EH.net is owned and operated by the Economic History Association
with the support of other sponsoring organizations.

Inventing Ourselves Out of Jobs?: America’s Debate over Technological Unemployment, 1929-1981

Author(s):Bix, Amy Sue
Reviewer(s):Zieger, Robert H.

Published by EH.NET (September 2000)

Amy Sue Bix. Inventing Ourselves Out of Jobs?: America’s Debate over

Technological Unemployment, 1929-1981. Studies in Industry and Society.

Baltimore and London: Johns Hopkins University Press, 2000. x + 376 pp.

Illustrations and index. $45.00 (cloth). ISBN 0-8018-6244-2.

Reviewed for H-Business and EH.NET by Robert H. Zieger, Department of History,

University of Florida.

Men (and Women) at Work?

Inventing Ourselves Out of Jobs? is an able and lucidly written account

of the ongoing debate in the United States over the effects of technology on

employment. Drawing on a wide range of published materials as well as on

corporate, labor, and governmental archives, Amy Sue Bix traces in rich detail

the views of three generations of policy makers, labor leaders, engineers, and

business executives to come about the relationship between expanding

productivity and the availability of jobs. A notable feature of the debate has

been the absence of a definitive empirical method for weighing the impact of

technology on employment. Thus, over the seventy years covered in the book

(which deals with developments over the past twenty years as well as with the

period indicated in the title), celebrants and critics of workplace technology

have tended to make the same arguments, often with the same rhetorical

embellishments. According to corporate leaders, engineers, and other partisans

of labor-saving technology, expanding production inevitably lowers prices,

increases consumption, and boosts employment. Labor leaders, social critics,

and troubled politicians, on the other hand, have focused technology’s role in

work force reduction and have argued that promises of long-term growth in job

opportunities have proved unduly optimistic or even illusory.

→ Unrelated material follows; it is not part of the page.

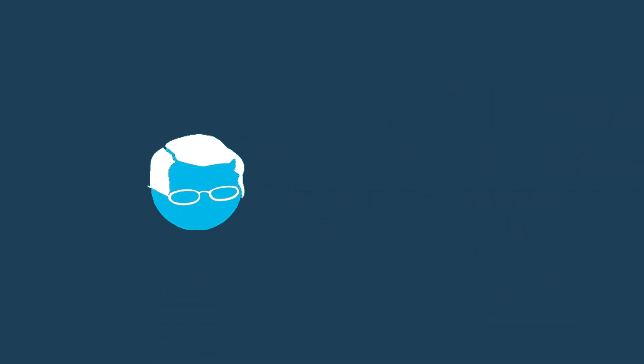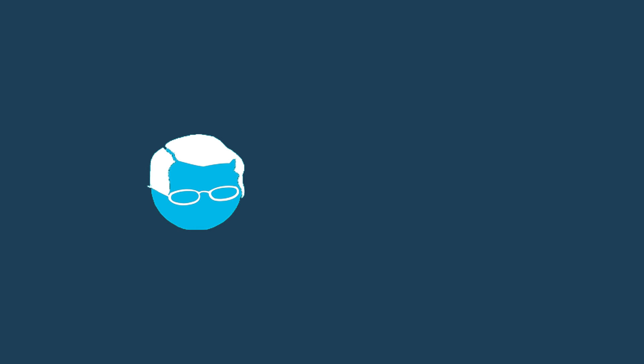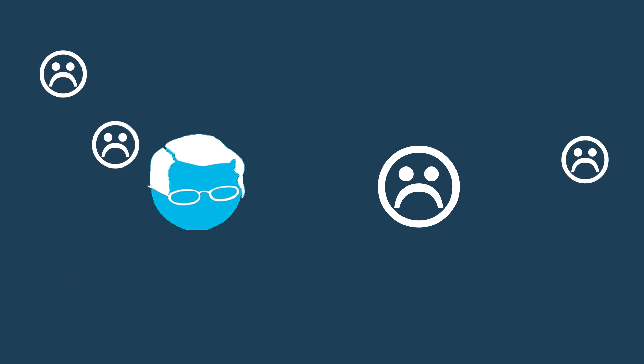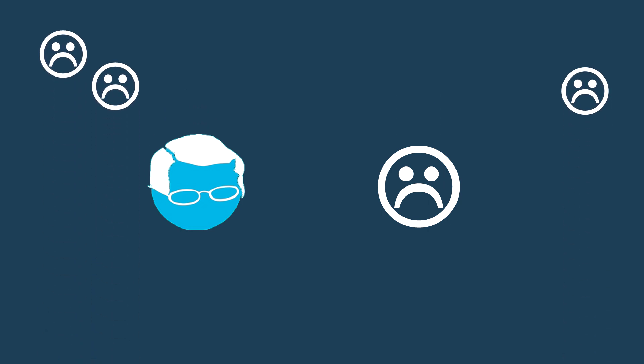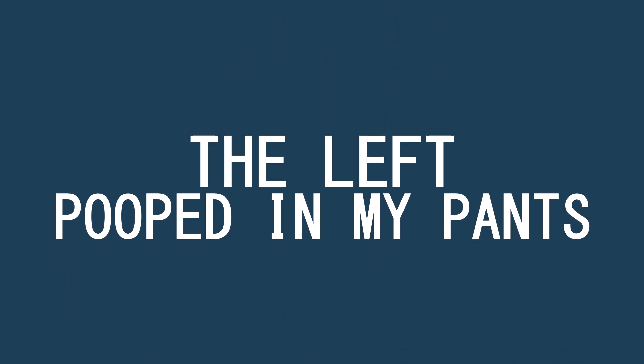When I woke up, something felt wrong. The girl next to me felt something wrong, too. Everyone else in the room noticed something wrong. That's when I realized the left had pooped in my pants.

In Bix’s telling, however, virtually no one called for an end to technological

advance. Laborites, for example, have accepted and even celebrated

technology-facilitated productivity gains, arguing only that workers should

share in them through shorter hours, higher wages, and greater voice in the

actual implementation of new workplace regimes. Three generations of labor

leaders, from William Green and John L. Lewis in the 1930s through Walter

Reuther in the 1950s and John Sweeney currently have repudiated Ludism,

confining their critique of job-related technology to advocacy of

worker-friendly regulation, job training, and the passing on of productivity

savings to workers and consumers. Critical of the blithe optimism of corporate

spokesmen and their scientific and engineering allies that productivity gains

lead inexorably to expanded (and enriched) employment opportunities, even those

most troubled by job loss have accepted the inevitably of continuous workplace

transformation.

Employers have dismissed concerns about job loss, although often in a

defensive idiom. Equating technological advance with progress, and, in turn,

a commitment to progress with national identity, corporate leaders and their

scientific allies have painted a bright new world of abundance and ease.

Rejecting calls for public intervention in the development and application of

labor-saving devices, business leaders such as Henry Ford and machine-tool

innovator John Diebold acknowledged that inevitably some workers would be

displaced and might suffer local and temporary hardships. But the advantages

of expanded production and its concomitant proliferation of consumer goods far

outweighed these minor side effects. Popular writers and editorial cartoonists

might depict soulless robots and inexorable machines spitting out superfluous

unemployed workers as well as appliances and amenities, but resistance to the

machine was in fact ignorant, self-defeating, and even unpatriotic. “Workplace

mechanization,” writes Bix in summary of industrialists’ views, “represented

the inevitable, the only possible way to attain national success.” (166-67).

She quotes economist Benjamin Anderson: “on no account,” declared this banking

analyst of the 1930s, “must we retard or interfere with the most rapid

utilization of new inventions.” (166)

The debate over technology and unemployment has waxed and waned since the onset

of the Great Depression. It raged most fiercely during the 1930s, when

joblessness rose to catastrophic proportions. During World War II, full

employment and military needs dampened it. It re-emerged, now stimulated by

early computerization and other forms of electronic replication, during the

prosperous era of the 1950s and early 1960s, with labor leaders such as Walter

Reuther calling attention to the problem of lingering unemployment amidst

otherwise bright economic prospects. Congressional hearings in 1955 on what

was now called “automation” demonstrated that even during good times, the

specter of worker redundancy walked hand-in-hand with the promise of a brave

new consumerist world. By the late 1970s and into the 1980s, of course, the

computer revolution raised these issues in a new idiom, although corporate

down-sizing, globalization, and widening income disparities have tended to

merge discrete apprehensions about technology’s adverse effects with broader

concerns about job security and living standards.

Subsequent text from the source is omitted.